If we succeed in using tee and saving the frames for later cropping, we will still have to do Gst-nvvideoconvert, right?

Is there somewhere I can read if there will be a loss in performance if the images are not batched with the same size?

We know that conversion is necessary to perform cropping because the format must be RGBA for the get_nvds_buf_surface function to work[1].

So far in our research we have not found a way to crop directly on NV12 unfortunately.


  1. ↩︎

For Python, yes. You can also try to use the OpenCV to crop the image from the probe function like deepstream_imagedata-multistream.py.

You can simply read it by the fps of the pipeline.

For Python, yes. We only support RGBA/RGB color Format in Python.

That’s great, thanks for the clarification @yuweiw!

However, is there a path to avoid the Gst-nvvideoconvert, even if it’s out of the python?

A more straightforward way in C++ to crop bounding boxes from the gpu without the need for conversion first?

You can refer to our sample sources\apps\sample_apps\deepstream-image-meta-test\deepstream_image_meta_test.c. We will directly use the following API to save the images with hardware encoding.

static GstPadProbeReturn
pgie_src_pad_buffer_probe (GstPad * pad, GstPadProbeInfo * info, gpointer ctx)
{
...
      /* Conditions that user needs to set to encode the detected objects of
       * interest. Here, by default all the detected objects are encoded.
       * For demonstration, we will encode the first object in the frame. */
      if ((obj_meta->class_id == PGIE_CLASS_ID_PERSON
              || obj_meta->class_id == PGIE_CLASS_ID_VEHICLE)
          && num_rects == 1) {
        NvDsObjEncUsrArgs objData = { 0 };
        /* To be set by user */
        objData.saveImg = save_img;
        objData.attachUsrMeta = attach_user_meta;
        /* Set if Image scaling Required */
        objData.scaleImg = FALSE;
        objData.scaledWidth = 0;
        objData.scaledHeight = 0;
        /* Preset */
        objData.objNum = num_rects;
        /* Quality */
        objData.quality = 80;
        /* Set to calculate time taken to encode JPG image. */
        if (calc_enc) {
          objData.calcEncodeTime = 1;
        }
        /*Main Function Call */
        nvds_obj_enc_process (ctx, &objData, ip_surf, obj_meta, frame_meta);
      }
...
}

Most of our Pipeline logic is written in Python, is it feasible to turn our probe function to a custom plugin and use the nvds_obj_enc_process like in the sample app to crop directly in nv12?

No. If you are using Python, please refer to our deepstream_imagedata-multistream.py to crop that with OpenCV.

Unfortunately, this example also uses “get_nvds_buf_surface” :c

So, in Python, there’s no way to bypass the need for RGB transformation, right?

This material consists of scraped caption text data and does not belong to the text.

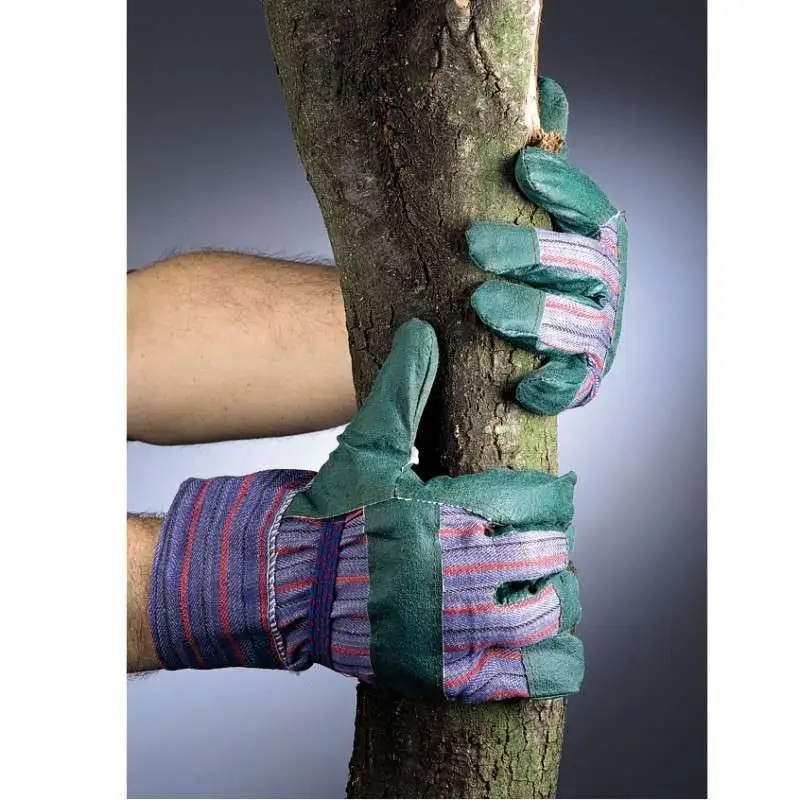 Gants toilés bleu et vert en taille unique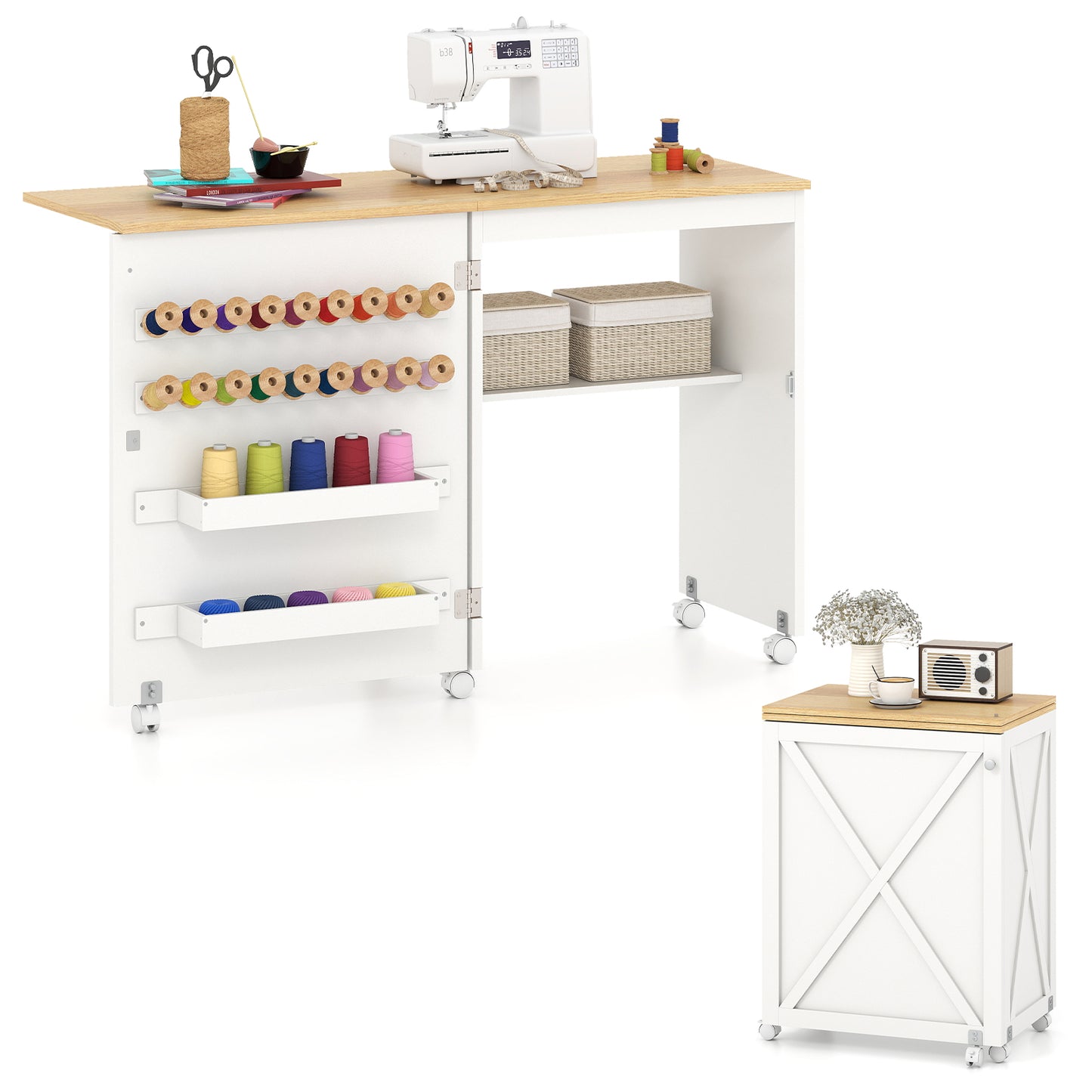 Folding Sewing Table with Storage Shelf and 5 Lockable Wheel-Natural and White, Natural & White Sewing Tables Natural & White at Gallery Canada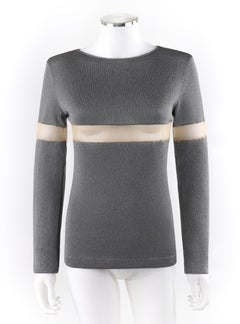 ALEXANDER McQUEEN S/S 1998 “Golden Shower” Metallic Sheer Mesh Panel Knit Top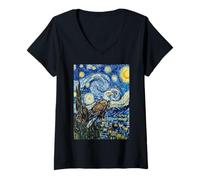 Donna Pittura Artistica dell'aquila Calva della Notte Stellata di Van Gogh Maglietta con Collo a V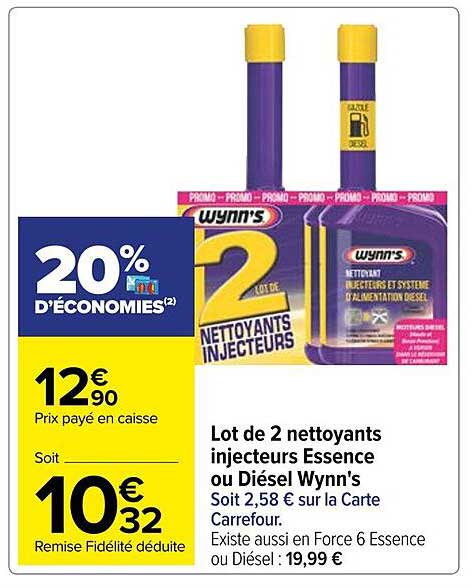 lot de 2 nettoyants injecteurs essence ou diésel wynn's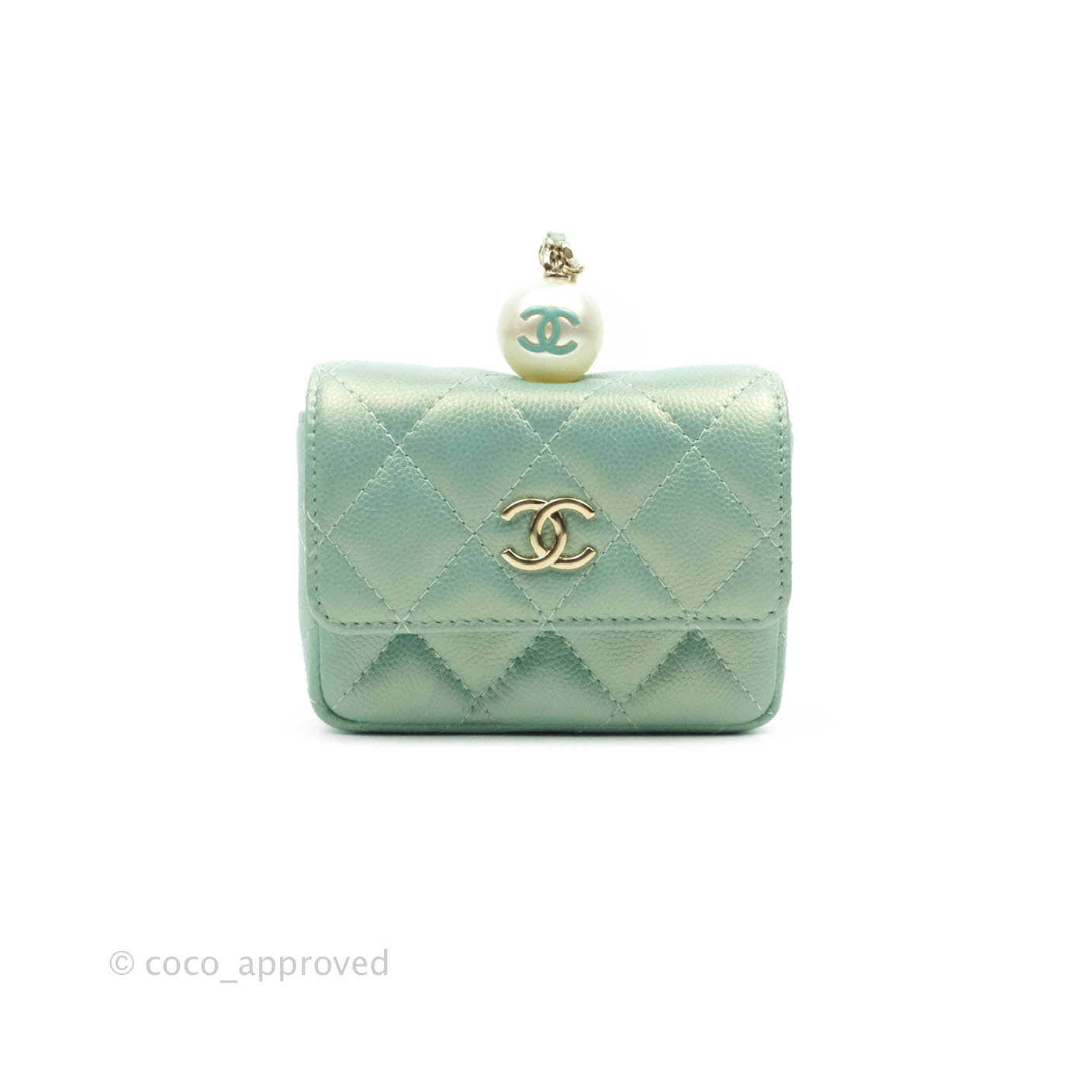 Chanel Quilted Card Holder With Chain Iridescent Mint Caviar Gold Hardware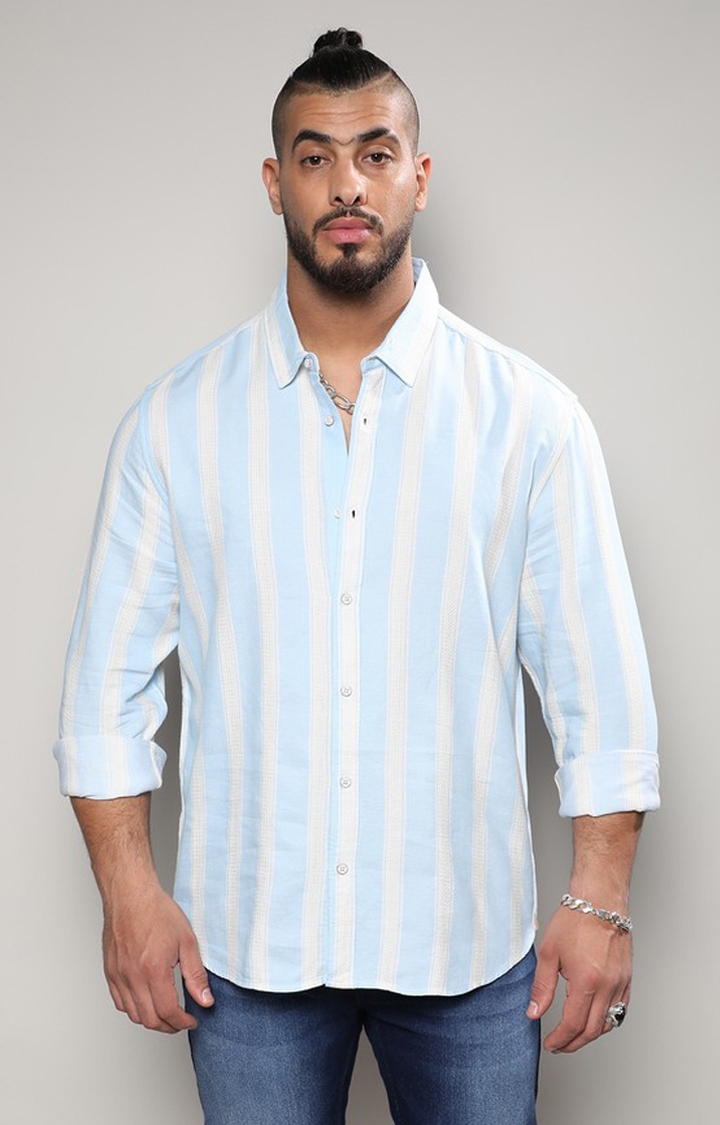 Instafab Plus | Men's Light Blue Shadow Striped Shirt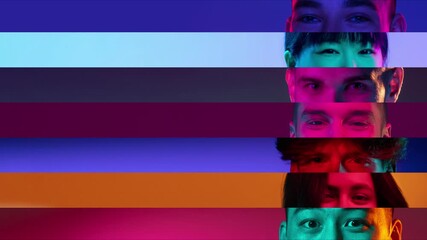 Stop motion of close-up male and female eyes isolated on colored neon background. Flyer with copy space for ad. Concept of equality, unification of all nations, ages and interests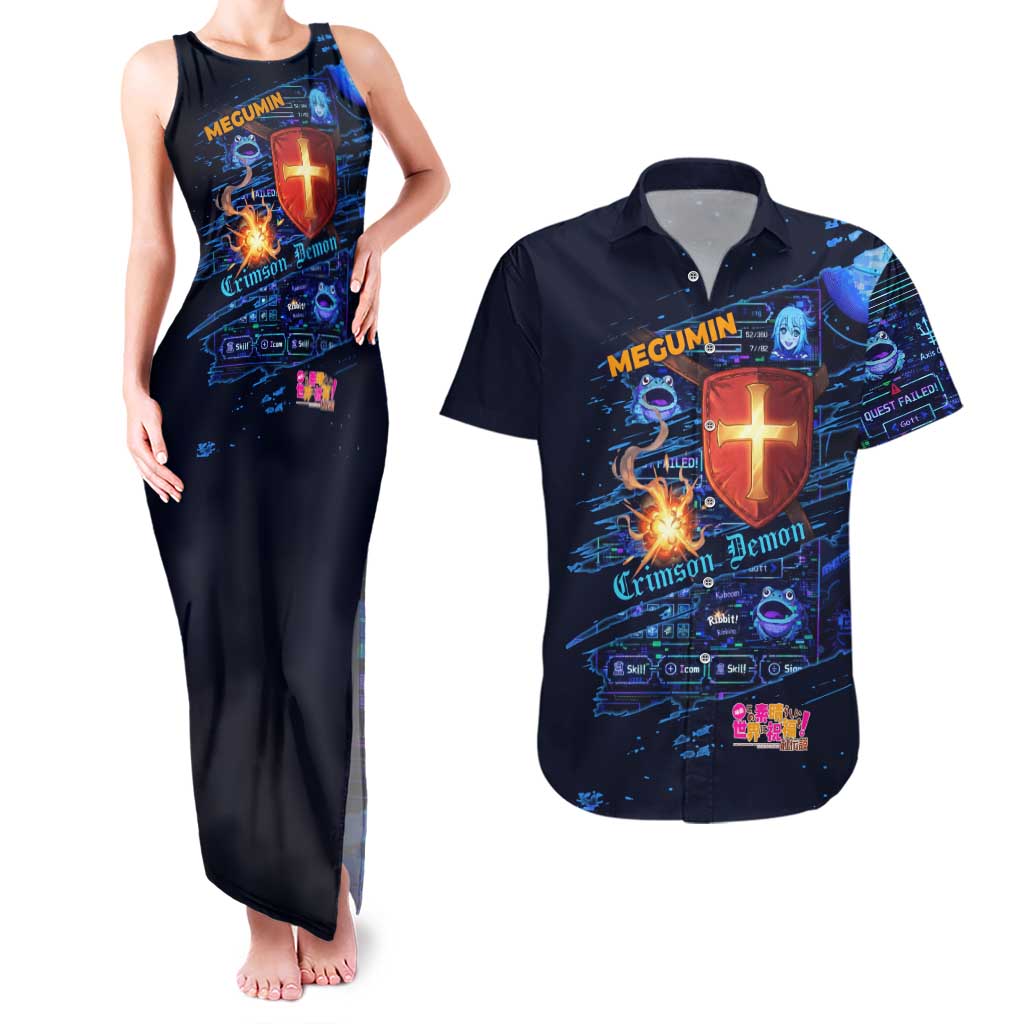 Megumin Crimson Demon Couples Matching Tank Maxi Dress and Hawaiian Shirt Retro Anime RPG Interface Style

Yes. Only RGBA format is supported in the get_nvds_buf_surface API.

Thanks for the clarification!

We’re currently implementing tee in nvmultiurisrcbin, and if we encounter any issues, I’ll post them here.

In the meantime, we modified an open-source plugin for the first time and compiled it into a .so file to meet our needs, and the results were positive.

If it works and anyone is interested, I’ll post the patch file here.

Thanks. You can post your patch here and make a simple explanation to facilitate everyone’s reference.

There is no update from you for a period, assuming this is not an issue anymore. Hence we are closing this topic. If need further support, please open a new one. Thanks

This topic was automatically closed 14 days after the last reply. New replies are no longer allowed.